We have the drugs talk and the sex talk just about every day at our house. I like to remind him of his choices and how choosing the right one is not always easier but best. Things are so different today then they were when we were in school.
It sounds to me like he's trying to tell you something else. I'm not sure what. But his first statement seems a little more layered than it might appear at first.
Oh I hear you. Since the beginning of the semester in 7th grade Spencer has now been approached about sex twice. And then of course there was the boy in our ward (active of course) who tried to get him to look at pictures of "hot girls" on the internet. I think Andrew and I spend all of our time together talking about him and how to navigate this time. VERY tough. And while I know he's been taught and wants to do the right thing deep down he is a total sheep and will follow his friends to be popular which scares me the most. He cares so much what they all think.
glad you're on top of this! good luck. xox
My oldest (normal) child is almost 15. I am APPALLED by the things she knows and what she has to deal with. My mother would have conniptions. It's very scary.
Ummm Wow!
I teach in a large public high school. I have 3 teenagers! Oldest just left for college and the other two are in high school where I work.
I see and hear a lot of worldly crazy stuff.....but nothing like that.

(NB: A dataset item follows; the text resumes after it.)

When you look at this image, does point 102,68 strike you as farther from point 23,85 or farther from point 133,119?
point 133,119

I am aware of poor choices and behaviors going on around me....but it consists of a certain type of crowd.
My kids are leaders (thankfully) and would not even consider hanging with another kid that is into anything that doesn't match up with their faith!
In saying that....we also communicate about EVERYTHING in our family.
Nothing is off limits to talk about. Which has been a blessing. Each one of them will come to us with anything and we are thankful for it.
I would certainly check out every single kid that he's hanging with. People like to believe that they have NO control over their kids!
WRONG!!! VERY VERY WRONG!!!
As long as I have breath......and they are my kids.....I will have authority over them.
That's what God expects of His children.
We live in a moral bankrupt society....you'd be surprised at what goes on in other homes. It's sad!
This scares me a lot. My oldest is only 9, but she is one that will do things she knows she shouldn't because she is so afraid of what people think of her. We just moved, and I prayed and prayed that she would find a good group of friends, and it looks like she has, but I still worry. She only has this year and next year before she'll be thrust into middle school.
Good luck, mom!
Hey Jenna...I'm a first time reader of your blog but just wanted to say that I think you handled this discussion with your son great! On the spot discussions like these are hard to navigate and I think you should pat yourself on the back for raising a child that feels comfortable coming to talk to you about this issue. Keep up the good work!